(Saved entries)
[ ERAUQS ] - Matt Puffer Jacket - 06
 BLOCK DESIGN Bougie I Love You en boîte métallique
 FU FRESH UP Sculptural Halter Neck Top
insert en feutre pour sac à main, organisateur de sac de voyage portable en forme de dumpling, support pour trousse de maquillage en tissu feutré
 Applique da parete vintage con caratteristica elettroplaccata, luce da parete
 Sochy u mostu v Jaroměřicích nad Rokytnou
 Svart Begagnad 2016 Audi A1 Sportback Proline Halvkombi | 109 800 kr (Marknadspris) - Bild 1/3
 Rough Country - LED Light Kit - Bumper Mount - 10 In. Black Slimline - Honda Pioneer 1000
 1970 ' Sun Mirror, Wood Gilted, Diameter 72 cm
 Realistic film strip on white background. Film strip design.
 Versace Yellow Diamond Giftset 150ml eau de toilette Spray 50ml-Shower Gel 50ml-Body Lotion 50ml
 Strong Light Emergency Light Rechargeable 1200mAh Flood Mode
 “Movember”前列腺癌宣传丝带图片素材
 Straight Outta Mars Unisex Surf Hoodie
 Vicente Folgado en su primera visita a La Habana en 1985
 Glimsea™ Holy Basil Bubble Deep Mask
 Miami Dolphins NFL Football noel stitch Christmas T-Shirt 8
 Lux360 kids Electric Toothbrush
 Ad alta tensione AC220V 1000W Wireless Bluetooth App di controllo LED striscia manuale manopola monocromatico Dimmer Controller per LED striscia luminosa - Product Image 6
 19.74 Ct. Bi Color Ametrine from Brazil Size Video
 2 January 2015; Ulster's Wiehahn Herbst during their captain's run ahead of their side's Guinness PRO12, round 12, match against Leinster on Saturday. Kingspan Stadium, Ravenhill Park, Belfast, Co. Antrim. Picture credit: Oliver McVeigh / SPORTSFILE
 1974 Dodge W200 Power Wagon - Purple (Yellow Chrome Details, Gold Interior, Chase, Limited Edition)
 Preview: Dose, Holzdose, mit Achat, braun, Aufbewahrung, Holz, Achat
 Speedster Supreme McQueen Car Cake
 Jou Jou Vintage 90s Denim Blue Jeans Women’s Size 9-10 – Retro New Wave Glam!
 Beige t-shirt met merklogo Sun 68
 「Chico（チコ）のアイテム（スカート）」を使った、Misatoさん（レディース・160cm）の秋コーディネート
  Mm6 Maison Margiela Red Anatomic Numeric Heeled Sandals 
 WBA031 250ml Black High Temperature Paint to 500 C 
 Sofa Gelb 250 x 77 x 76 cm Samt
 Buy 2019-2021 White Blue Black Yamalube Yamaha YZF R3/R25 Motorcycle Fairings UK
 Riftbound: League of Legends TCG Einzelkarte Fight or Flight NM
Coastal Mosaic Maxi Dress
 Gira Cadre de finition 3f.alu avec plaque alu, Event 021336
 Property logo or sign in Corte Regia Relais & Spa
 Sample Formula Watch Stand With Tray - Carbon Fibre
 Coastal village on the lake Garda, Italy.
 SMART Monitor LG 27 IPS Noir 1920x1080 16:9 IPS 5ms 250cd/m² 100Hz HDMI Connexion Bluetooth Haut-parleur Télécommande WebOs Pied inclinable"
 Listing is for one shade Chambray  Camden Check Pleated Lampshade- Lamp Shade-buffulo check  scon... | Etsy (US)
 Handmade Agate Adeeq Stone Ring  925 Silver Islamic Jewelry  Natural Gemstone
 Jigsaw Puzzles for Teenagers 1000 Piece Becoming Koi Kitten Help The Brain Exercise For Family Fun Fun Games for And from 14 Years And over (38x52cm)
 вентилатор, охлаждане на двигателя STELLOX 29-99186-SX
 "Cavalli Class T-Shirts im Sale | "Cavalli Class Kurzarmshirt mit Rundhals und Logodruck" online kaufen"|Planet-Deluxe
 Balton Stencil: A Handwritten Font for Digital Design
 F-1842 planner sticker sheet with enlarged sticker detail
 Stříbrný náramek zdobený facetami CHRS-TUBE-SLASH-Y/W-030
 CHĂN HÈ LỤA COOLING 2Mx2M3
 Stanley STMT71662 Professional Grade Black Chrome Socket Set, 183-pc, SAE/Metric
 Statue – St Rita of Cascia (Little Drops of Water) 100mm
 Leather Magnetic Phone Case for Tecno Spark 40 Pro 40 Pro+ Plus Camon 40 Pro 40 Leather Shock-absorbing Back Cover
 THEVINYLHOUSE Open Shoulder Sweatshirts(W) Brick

> WHAT THE TASK ASKS: Could you write out, exactly as they stand, only the lines above that begin at the line with "WBA031 250ml Black" and stop after the line with "SMART Monitor LG"?

> SOLUTION TO THIS TASK:
 WBA031 250ml Black High Temperature Paint to 500 C 
 Sofa Gelb 250 x 77 x 76 cm Samt
 Buy 2019-2021 White Blue Black Yamalube Yamaha YZF R3/R25 Motorcycle Fairings UK
 Riftbound: League of Legends TCG Einzelkarte Fight or Flight NM
Coastal Mosaic Maxi Dress
 Gira Cadre de finition 3f.alu avec plaque alu, Event 021336
 Property logo or sign in Corte Regia Relais & Spa
 Sample Formula Watch Stand With Tray - Carbon Fibre
 Coastal village on the lake Garda, Italy.
 SMART Monitor LG 27 IPS Noir 1920x1080 16:9 IPS 5ms 250cd/m² 100Hz HDMI Connexion Bluetooth Haut-parleur Télécommande WebOs Pied inclinable"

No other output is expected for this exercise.